I. Les conditions de la distribution anticipée des bénéfices
A. La compétence des organes sociaux et l’exigence d’un bénéfice réalisé
La distribution des bénéfices obéit, en droit des sociétés commerciales, à un principe de compétence étroitement délimité par la loi. Aux termes de l’article L. 232-12, alinéa 1er, du code de commerce, après approbation des comptes annuels et constatation de l’existence de sommes distribuables, l’assemblée générale détermine la part attribuée aux associés sous forme de dividendes. La chambre commerciale a déduit de cette disposition, dans un arrêt de principe du 12 février 2025, que le report bénéficiaire d’un exercice est inclus dans le bénéfice distribuable de l’exercice suivant et que, par voie de conséquence, seule l’assemblée approuvant les comptes de cet exercice pourra décider son affectation et, le cas échéant, sa distribution (Cass. com., 12 févr. 2025, n° 23-11.410, FS-B Publié au Bulletin, lien courdecassation.fr). Or, la Cour de cassation a également jugé que les délibérations d’une société commerciale s’imposent aux associés tant que la nullité n’en a pas été prononcée, de sorte que la distribution décidée par une assemblée incompétente produit ses effets tant qu’elle n’est pas annulée (Cass. com., 12 févr. 2025, n° 23-11.410, précité).

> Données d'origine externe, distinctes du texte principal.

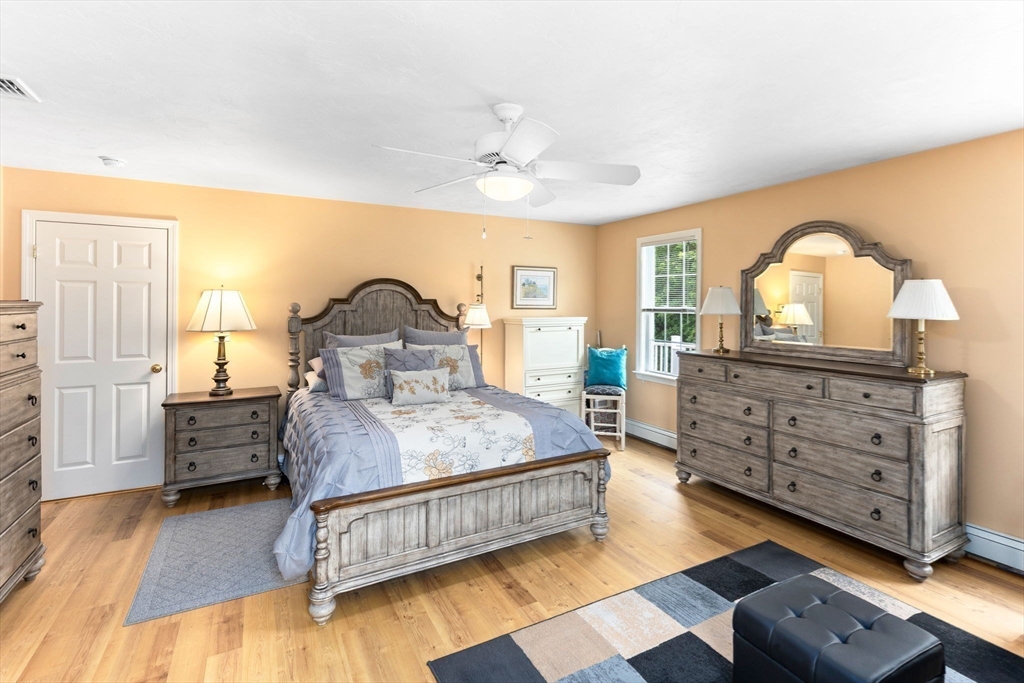 11 Deirdre Circle, Unit 11 Rehoboth, MA 02769 - Photo 7 of 17 a bedroom with a bed and a dresser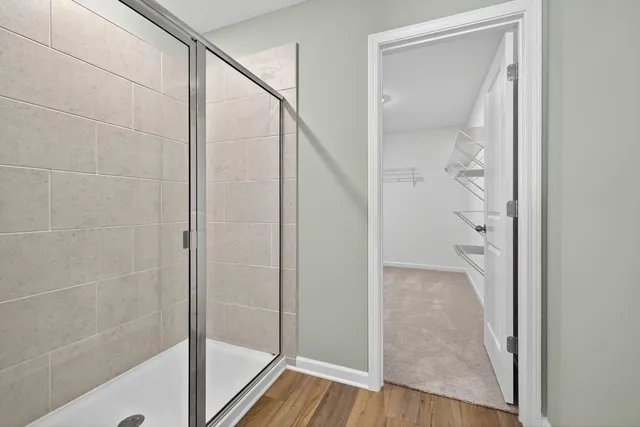 a bathroom with a glass shower door and mirror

La décision de distribution relève ainsi, selon les termes de la chambre commerciale, de l’assemblée générale des associés, après approbation des comptes annuels et constatation de l’existence de sommes distribuables, cette assemblée étant convoquée par le gérant, tenu, en application de l’article L. 223-26 du code de commerce, de lui présenter un rapport de gestion, l’inventaire et les comptes annuels (Cass. com., 8 avr. 2021, n° 19-23.669, F-D, lien courdecassation.fr). La haute juridiction a, par ailleurs, rappelé que les dividendes n’ont pas d’existence juridique avant la constatation de sommes distribuables par l’organe social compétent et la détermination de la part attribuée à chaque associé (Cass. com., 24 janv. 2024, n° 22-13.431, F-D, lien courdecassation.fr). En conséquence, aucun versement n’a de cause juridique tant que la délibération qui l’autorise n’a pas été régulièrement adoptée par l’organe désigné par la loi.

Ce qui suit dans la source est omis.